Action item: Nothing but the pictures is dropped; write out all the remaining data below exactly.

Stored data:
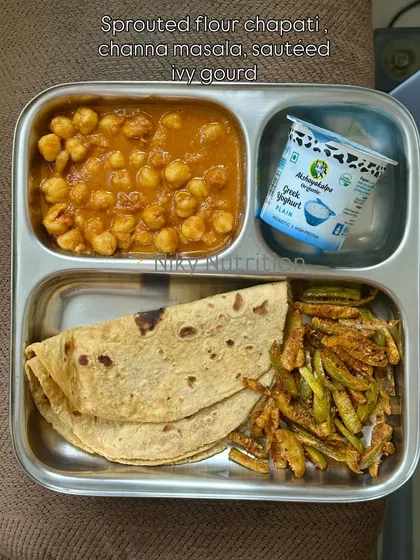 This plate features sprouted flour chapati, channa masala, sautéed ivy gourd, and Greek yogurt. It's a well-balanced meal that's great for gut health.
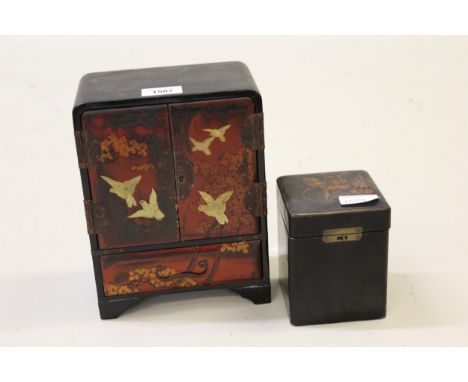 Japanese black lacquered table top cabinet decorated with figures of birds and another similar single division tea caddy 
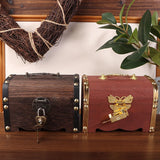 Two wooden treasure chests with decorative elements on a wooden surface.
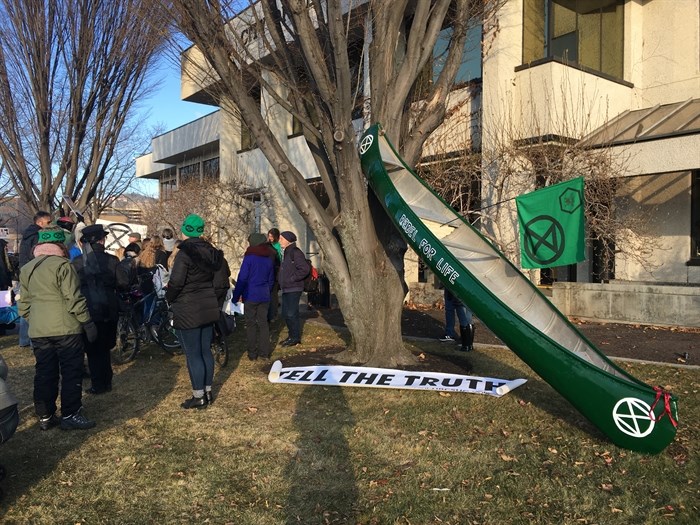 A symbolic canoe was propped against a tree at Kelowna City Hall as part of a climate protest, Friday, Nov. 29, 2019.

Answer to this task:
 This plate features sprouted flour chapati, channa masala, sautéed ivy gourd, and Greek yogurt. It's a well-balanced meal that's great for gut health.
 Japanese black lacquered table top cabinet decorated with figures of birds and another similar single division tea caddy 
 Two wooden treasure chests with decorative elements on a wooden surface.
 A symbolic canoe was propped against a tree at Kelowna City Hall as part of a climate protest, Friday, Nov. 29, 2019.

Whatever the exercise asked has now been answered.